Estamos a fazer esse levantamento de lacunas e necessidades, para podermos avaliar os investimentos necessários. Não creio que seja um problema porque, seguramente, teremos capacidade financeira para o fazermos.
Qual é a sua visão para o Douro?
Otimista. Se uma região que tem duas DOP, Porto e Douro – que conseguiu vender 615 milhões de euros em 2023, que tem dos vinhos mais afamados mundialmente e que personificam melhor a imagem de Portugal no mundo não consegue ter futuro –, que outra região conseguirá? Não estamos sós, há outras regiões no mundo que também têm vinhos muito bons, temos de continuar o nosso trajeto de forma muito profissional, valorizando cada vez mais os nossos vinhos. Não há outro caminho. Quanto mais depressa conseguirmos ter essa valorização do preço médio por litro, melhor há de ser o futuro desta região.
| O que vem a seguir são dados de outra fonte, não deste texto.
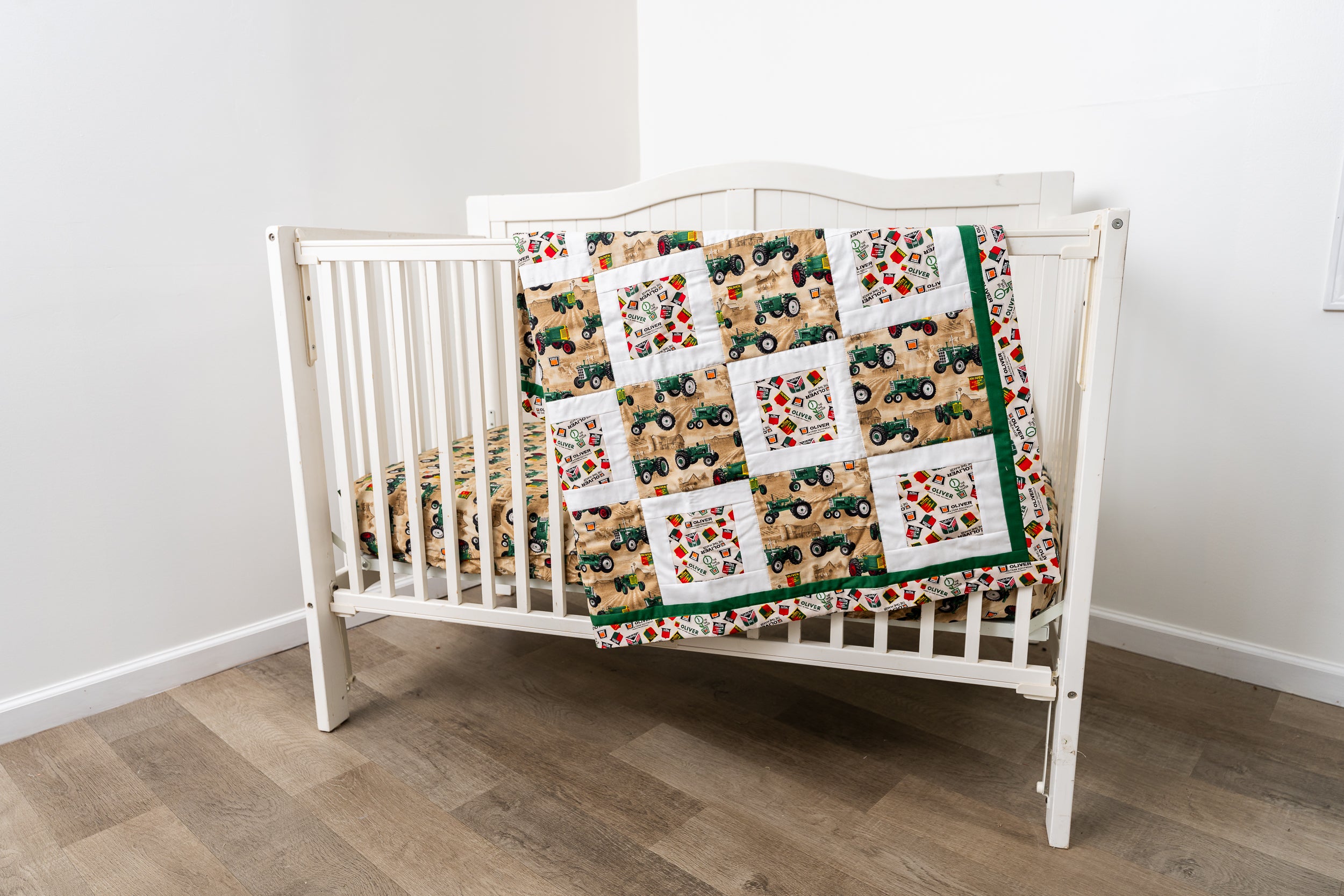 Oliver Tractor Nursery Set, Tan
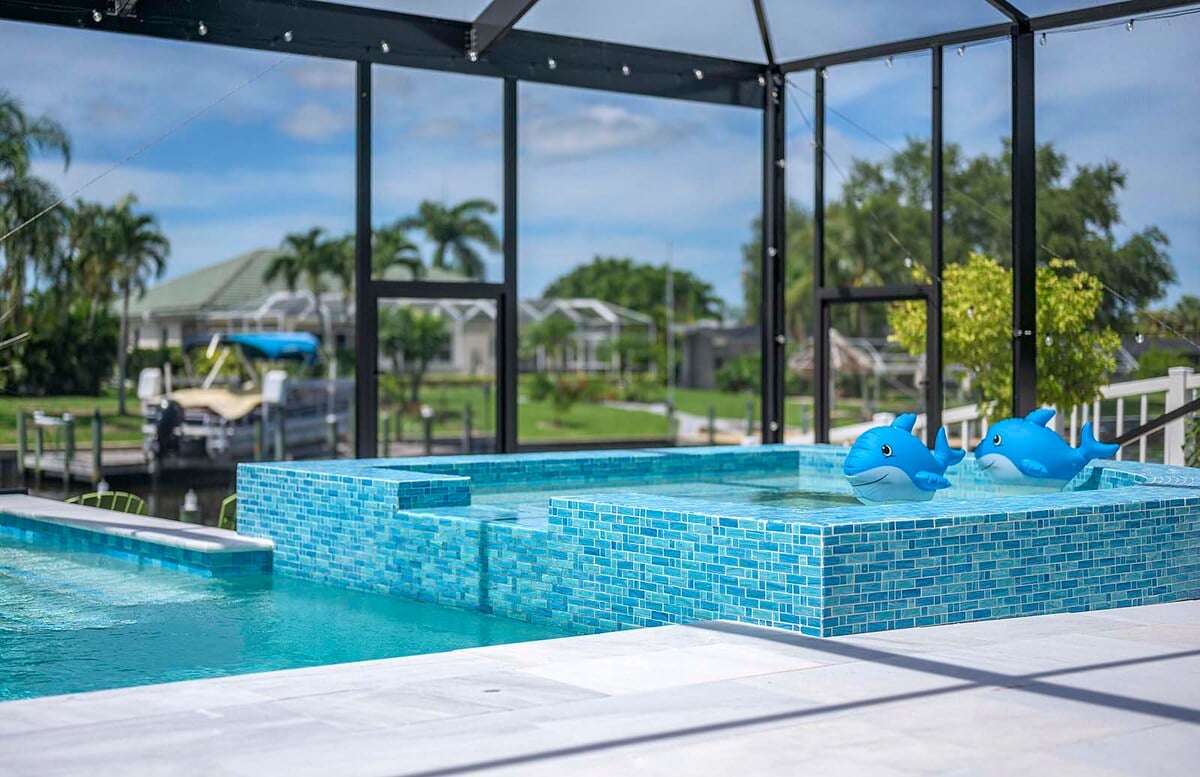 Whirlpool mit viel Platz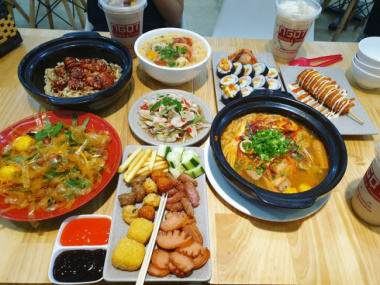 Top 9 quán ăn vặt ở Quảng Trị giá rẻ nhưng cực chất lượng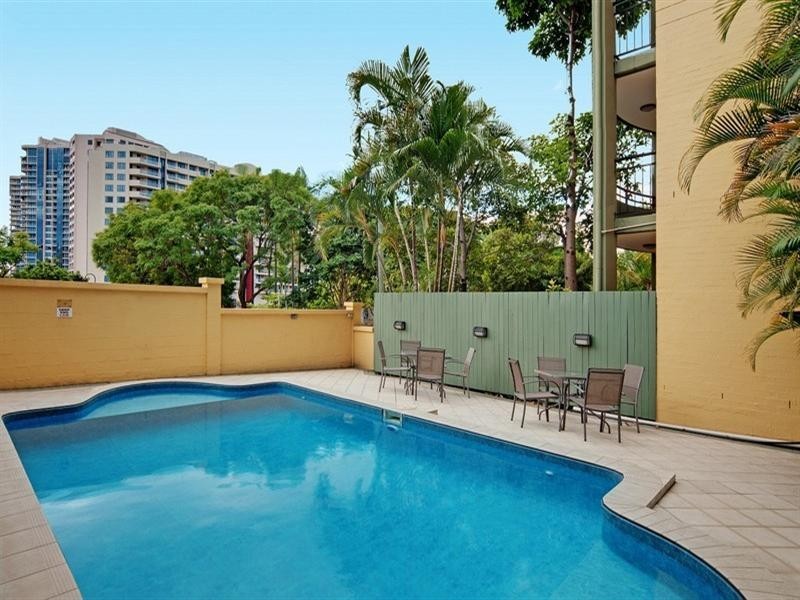 39 Cairns Street, Kangaroo Point QLD 4169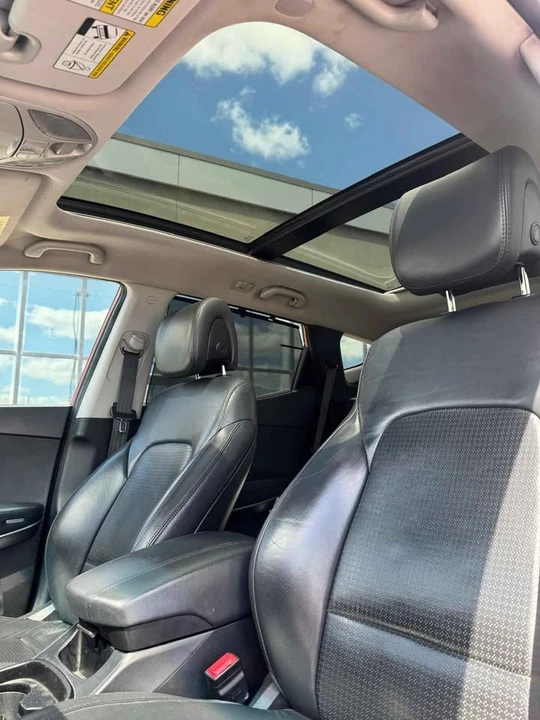 2014 Hyundai Santa Fe - Image 2 of 6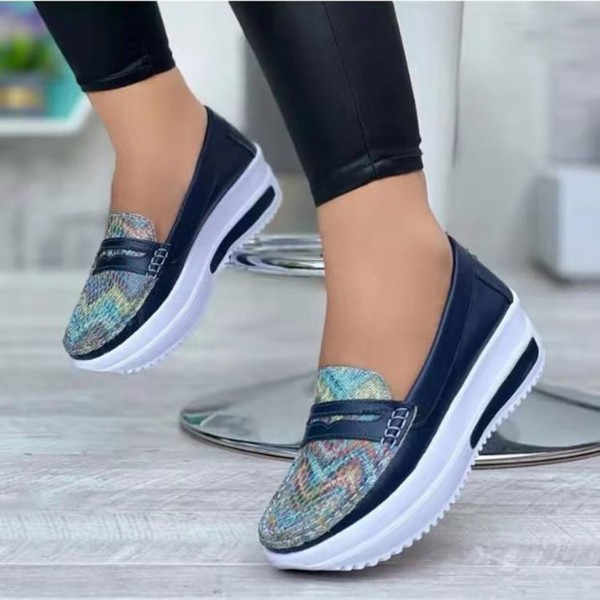 Women's Comfortable Causal Round Toe Large Size Slip On Platform Sneakers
O vinho do Porto continua a cair nas exportações...
É verdade, mas o Douro de hoje não é o do início do século. As duas denominações estão hoje separadas por 140 milhões de euros. É verdade que a abrangência dos vinhos do Douro é muito mais nacional, mas muitos dos nossos consumidores cá são turistas, que podem ser agentes de promoção nos seus países. E o “Porto” deve funcionar como uma porta de entrada dos vinhos do Douro nos mercados internacionais.
“Crescemos a dois dígitos, em 2019, mas a pandemia, a guerra e a crise inflacionista vieram interromper esse ciclo. Esperamos que a inflação abrande em 2024 para que as nossas exportações possam ser revigoradas.”
A restauração da Casa do Douro como associação pública implica que ela terá poderes públicos para exercer. Como é que isso se vai articular com os poderes do IVDP?
O diploma foi encaminhado para o senhor Presidente da República, vamos esperar que haja o término deste processo. Então saberemos o que teremos que fazer.
É uma preocupação, um desafio?
Será uma preocupação ou um desafio quando tivermos o diploma à nossa frente, quando ele for publicado.